Exercise instructions – If a line in the data contains "Photo", copy it out.

Supplied data –
*** Block opens ***

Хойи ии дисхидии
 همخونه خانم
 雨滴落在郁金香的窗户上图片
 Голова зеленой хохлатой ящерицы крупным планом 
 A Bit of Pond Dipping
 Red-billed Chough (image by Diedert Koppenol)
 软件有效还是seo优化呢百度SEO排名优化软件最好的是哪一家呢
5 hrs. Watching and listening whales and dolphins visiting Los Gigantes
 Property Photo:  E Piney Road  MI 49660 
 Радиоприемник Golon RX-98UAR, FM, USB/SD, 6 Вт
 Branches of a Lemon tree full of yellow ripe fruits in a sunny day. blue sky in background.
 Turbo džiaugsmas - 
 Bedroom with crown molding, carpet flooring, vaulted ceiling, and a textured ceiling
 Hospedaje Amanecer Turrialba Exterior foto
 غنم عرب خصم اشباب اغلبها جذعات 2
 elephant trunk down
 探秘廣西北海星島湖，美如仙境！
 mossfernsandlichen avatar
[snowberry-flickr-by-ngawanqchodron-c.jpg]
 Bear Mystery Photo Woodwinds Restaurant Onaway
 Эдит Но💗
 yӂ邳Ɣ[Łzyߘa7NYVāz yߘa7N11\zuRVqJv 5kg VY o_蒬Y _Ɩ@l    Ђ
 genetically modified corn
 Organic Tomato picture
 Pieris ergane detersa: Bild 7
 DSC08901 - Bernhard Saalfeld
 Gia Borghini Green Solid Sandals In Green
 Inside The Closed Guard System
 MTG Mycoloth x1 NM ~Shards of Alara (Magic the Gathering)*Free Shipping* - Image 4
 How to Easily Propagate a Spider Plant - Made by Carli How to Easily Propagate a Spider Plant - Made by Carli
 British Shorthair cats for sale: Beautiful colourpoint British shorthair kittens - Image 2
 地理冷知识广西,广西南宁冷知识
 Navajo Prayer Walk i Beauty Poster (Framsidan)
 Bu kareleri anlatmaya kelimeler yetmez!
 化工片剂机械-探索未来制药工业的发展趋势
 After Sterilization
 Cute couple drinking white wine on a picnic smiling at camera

*** Block closes ***

Reply –
 Property Photo:  E Piney Road  MI 49660 
 Bear Mystery Photo Woodwinds Restaurant Onaway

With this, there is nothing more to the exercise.